Though the entries contain pictures, the copy you make should hold only the rest, exactly as written.

━━━ RECORDS TO PROCESS

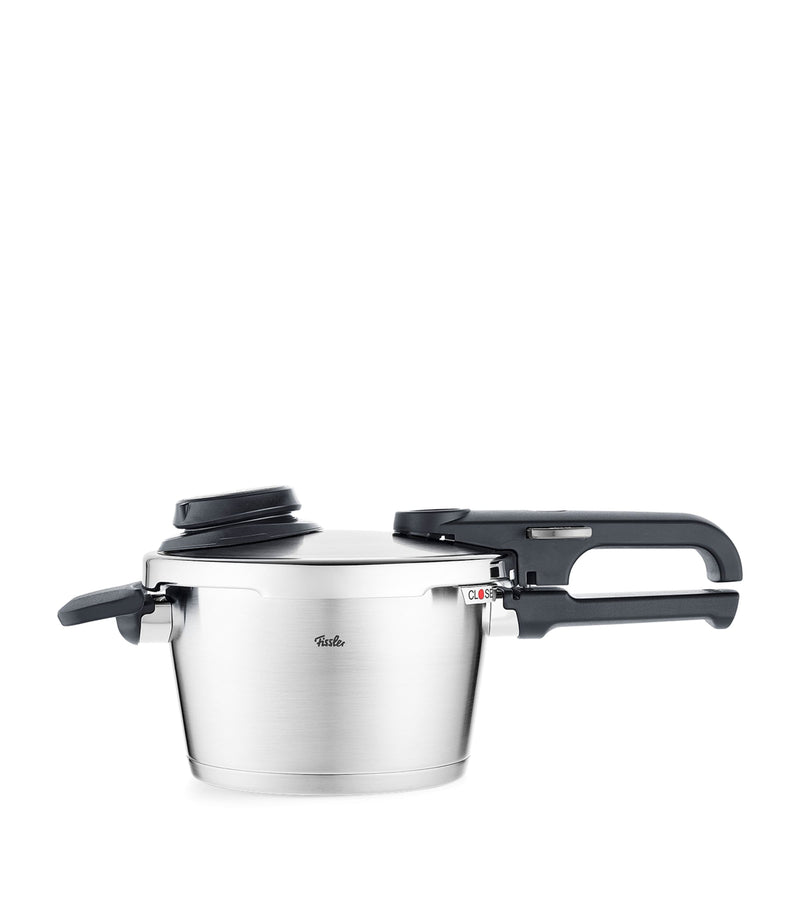 Fissler Vitavit Premium Pressure Cooker with Insert 18cm - British product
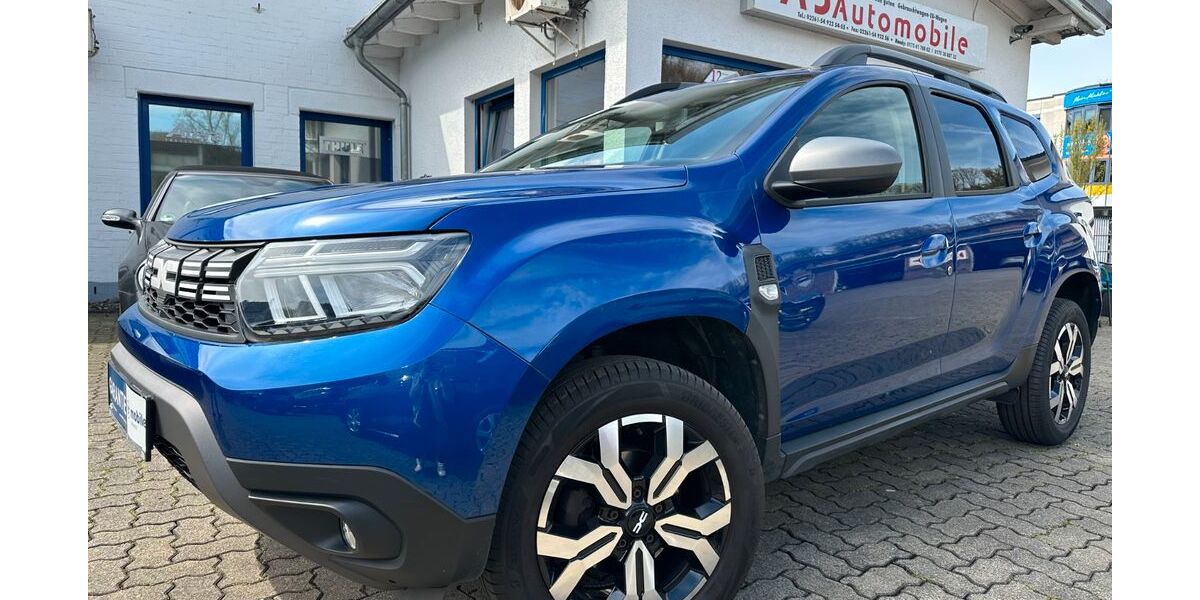Dacia Duster 24.000 km 18.949 &euro; Gummersbach (Zwischen Toom Markt und ATU) 51645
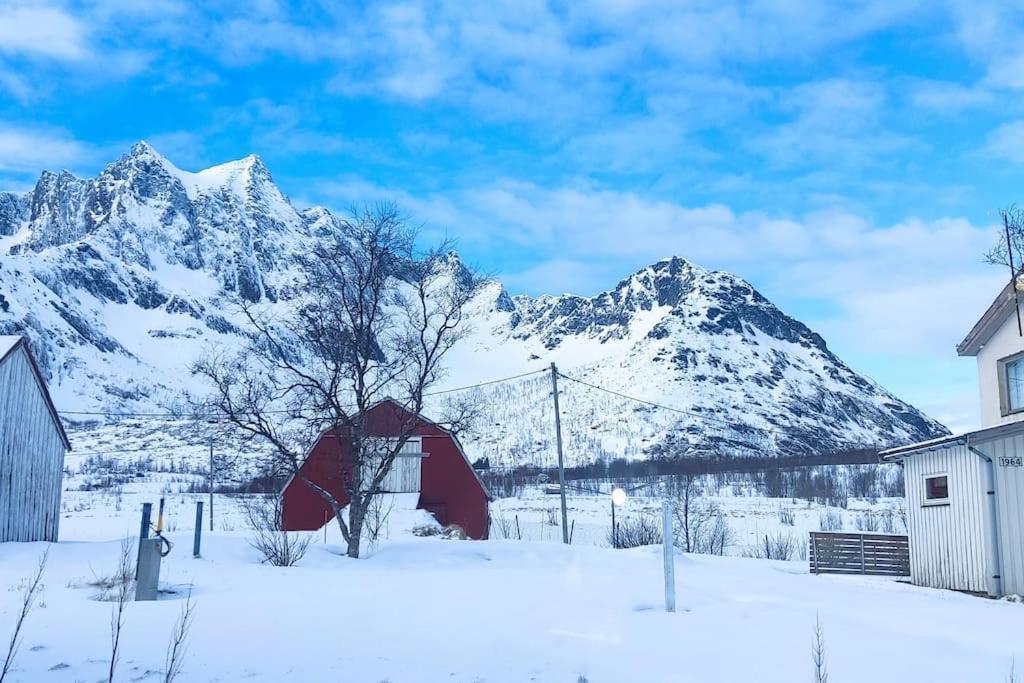 Norwegian House Maria Stua Apartamento Mefjordvær Exterior foto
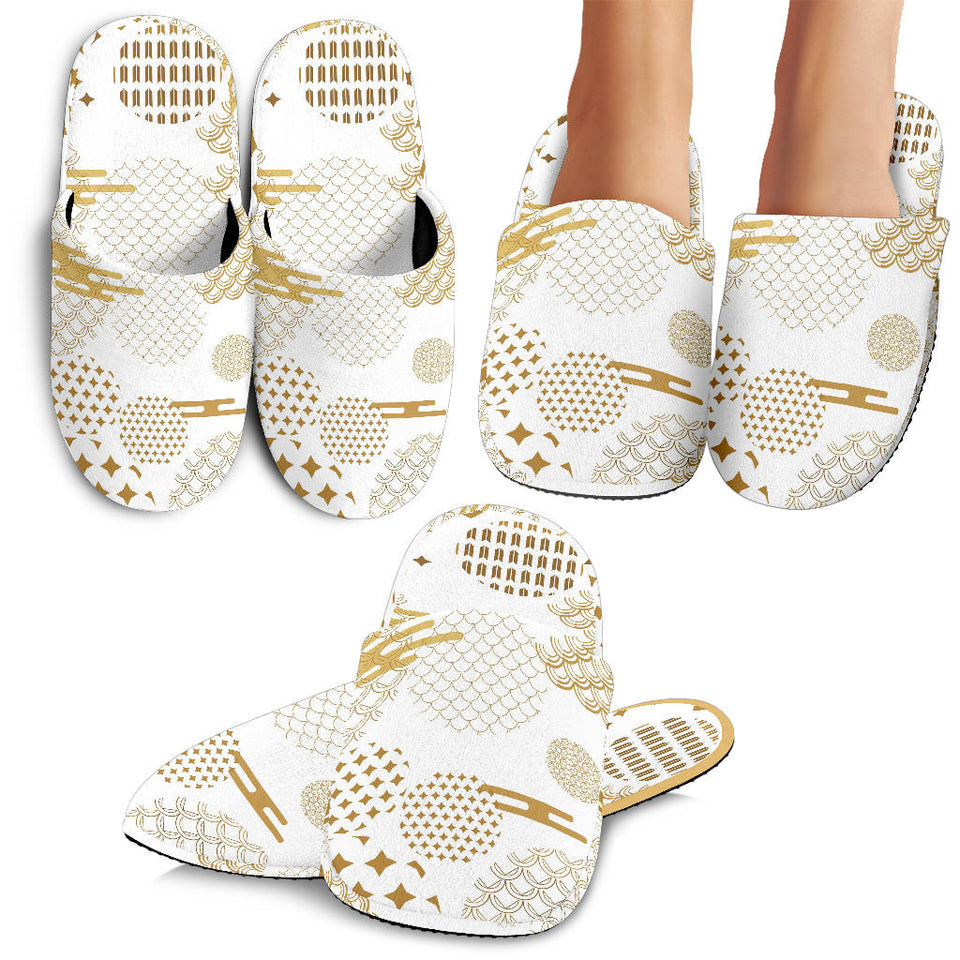 Beautiful Gold Japanese Pattern Slippers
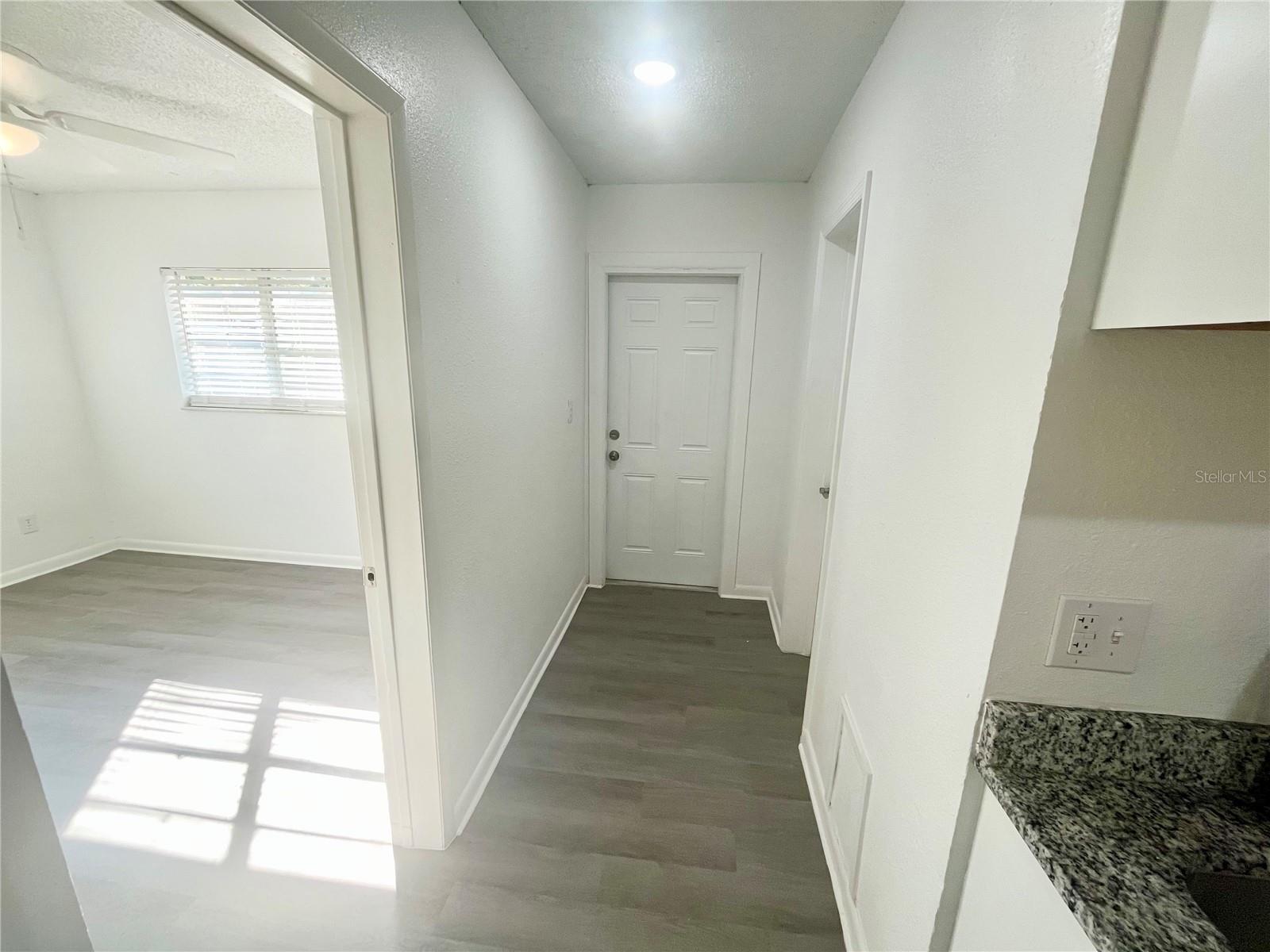 585 S 3RD AVE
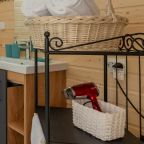 Шале (Большой дом), Гостевой дом Рай в шалаше в Коробицыно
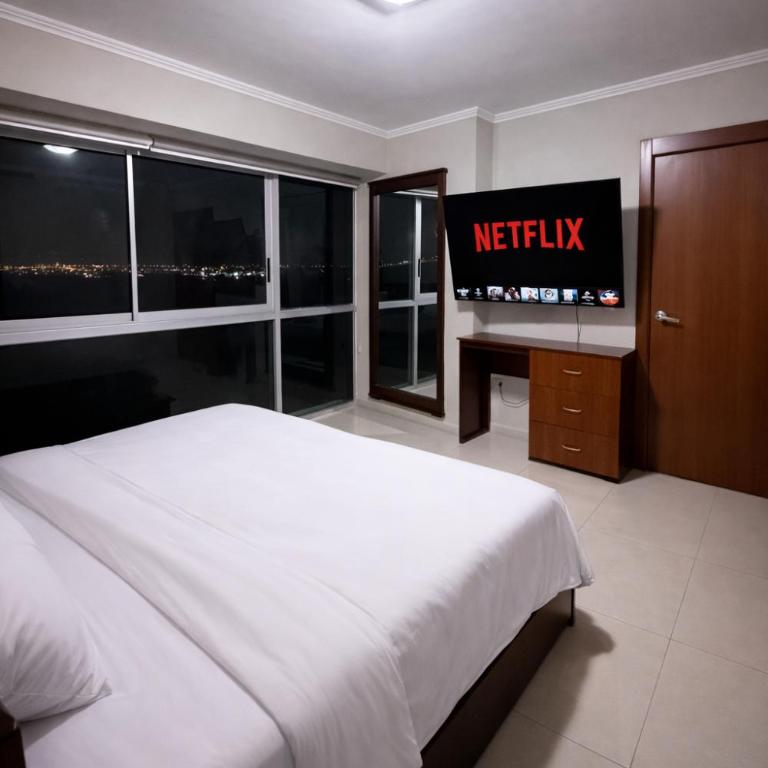 Premium Stay in Puerto Santa Ana, Near Bars, Restaurants, Airport & Malecon 2000 Guayaquil, Ecuador - Two-Bedroom Apartment with River View - 22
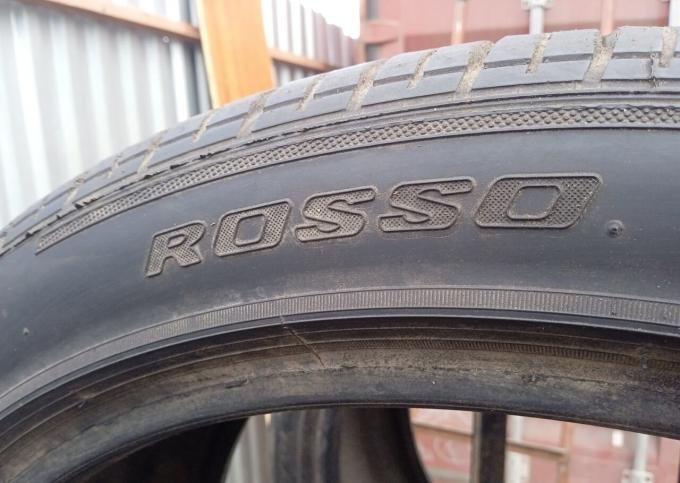 Pirelli P Zero Rosso 295/35 R21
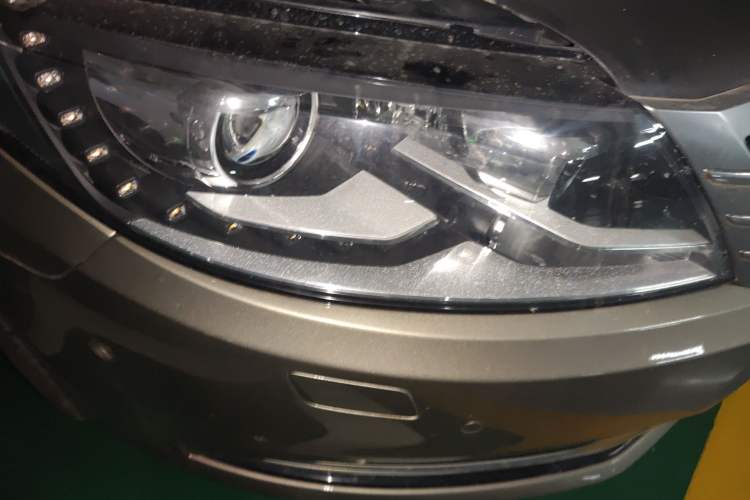 Used Volkswagen FAW-Volkswagen CC 2015 1.8TSI Luxury Model Right Front Headlight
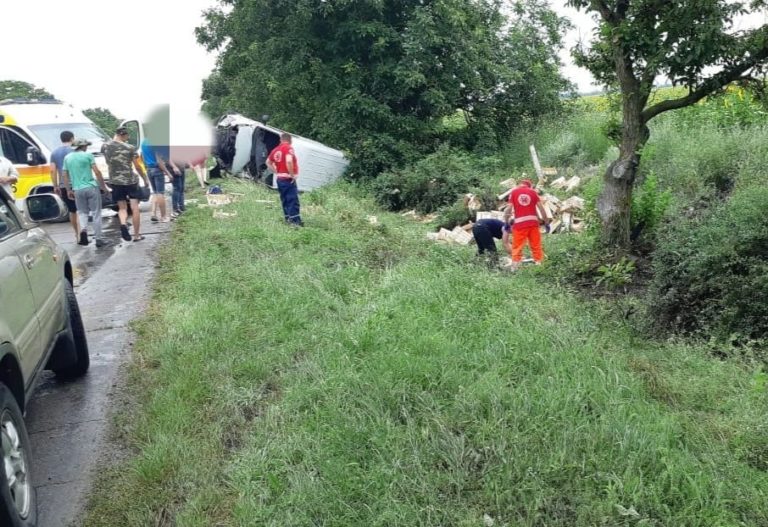 ДТП в Каушанском районе: Погиб 18-летний водитель, а 18-летний пассажир госпитализирован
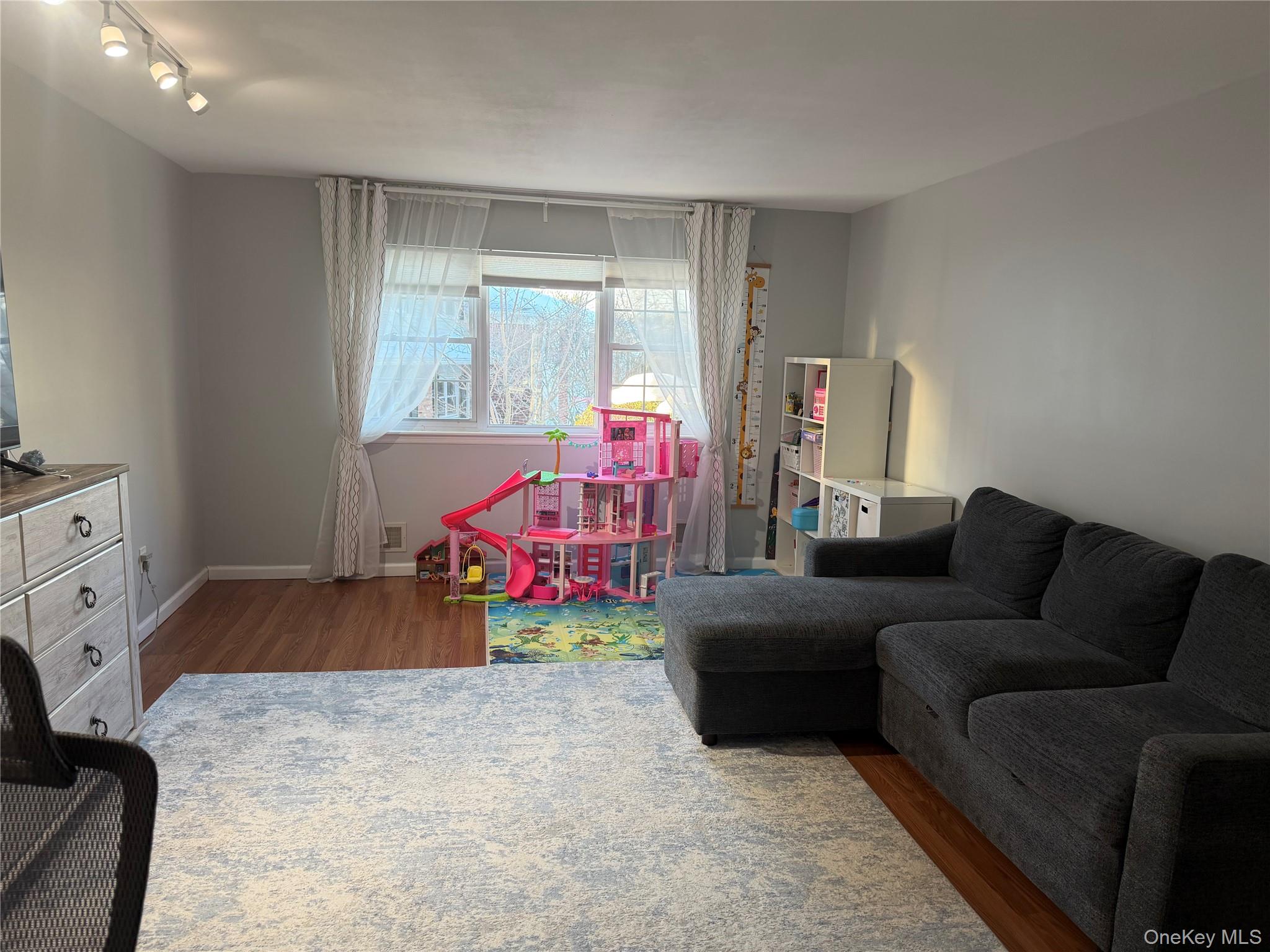 68 Bon Aire Circle # P 10, Suffern, NY 10901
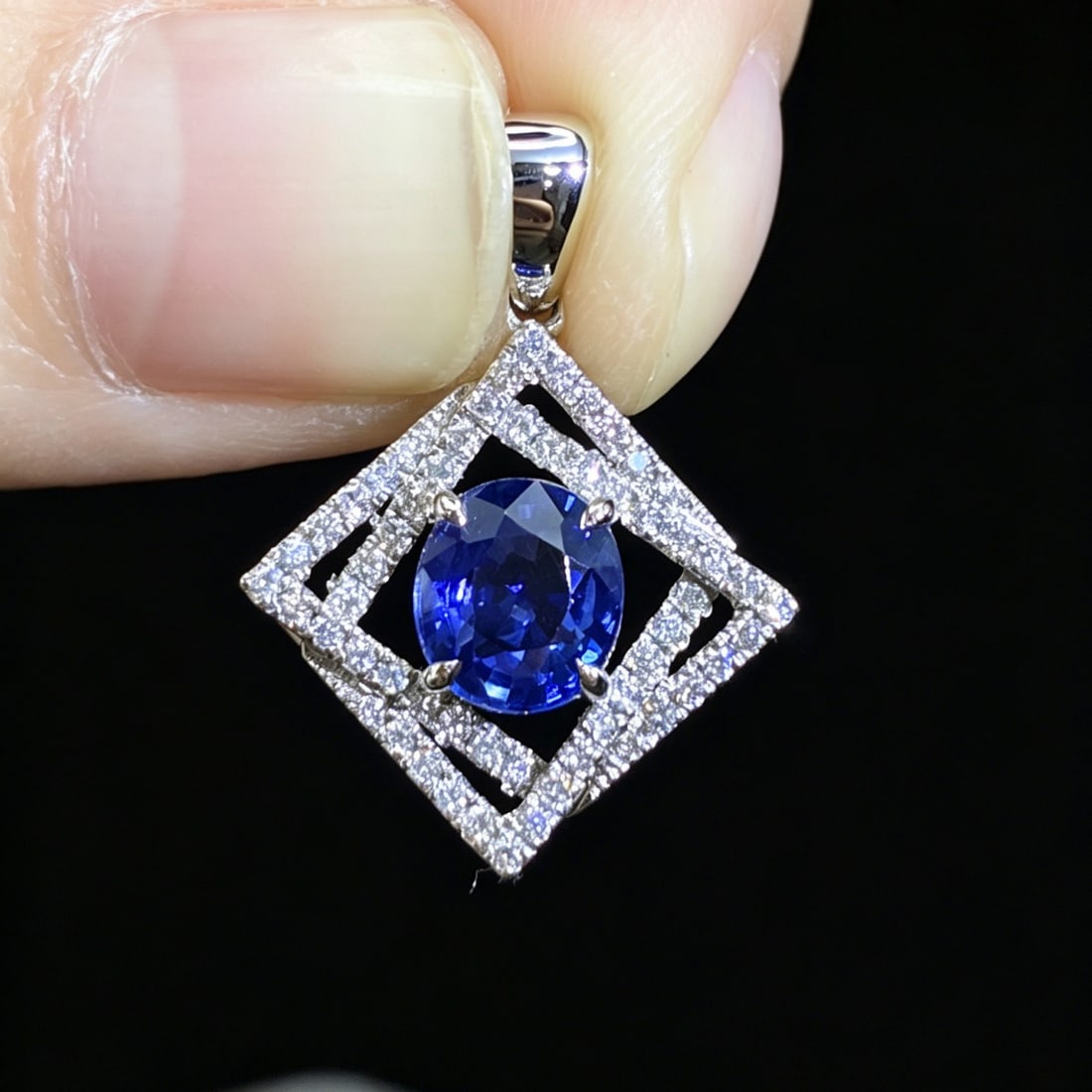 14k Gold 1.60 Ctw Natural Sapphire & Diamond Pendant( Without Chain ): Ref:231156420 // gold content:14k gold // main gemstone:sapphire // shape:oval // carat weight:1. 33ct // color:blue // treatment:natural // // adjacent gemstone 2 : diamond // shape:round // carat we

━━━━━━

RESULT BELOW:
 Fissler Vitavit Premium Pressure Cooker with Insert 18cm - British product
Dacia Duster 24.000 km 18.949 &euro; Gummersbach (Zwischen Toom Markt und ATU) 51645
 Norwegian House Maria Stua Apartamento Mefjordvær Exterior foto
 Beautiful Gold Japanese Pattern Slippers
 585 S 3RD AVE
 Шале (Большой дом), Гостевой дом Рай в шалаше в Коробицыно
 Premium Stay in Puerto Santa Ana, Near Bars, Restaurants, Airport & Malecon 2000 Guayaquil, Ecuador - Two-Bedroom Apartment with River View - 22
 Pirelli P Zero Rosso 295/35 R21
 Used Volkswagen FAW-Volkswagen CC 2015 1.8TSI Luxury Model Right Front Headlight
 ДТП в Каушанском районе: Погиб 18-летний водитель, а 18-летний пассажир госпитализирован
 68 Bon Aire Circle # P 10, Suffern, NY 10901
 14k Gold 1.60 Ctw Natural Sapphire & Diamond Pendant( Without Chain ): Ref:231156420 // gold content:14k gold // main gemstone:sapphire // shape:oval // carat weight:1. 33ct // color:blue // treatment:natural // // adjacent gemstone 2 : diamond // shape:round // carat we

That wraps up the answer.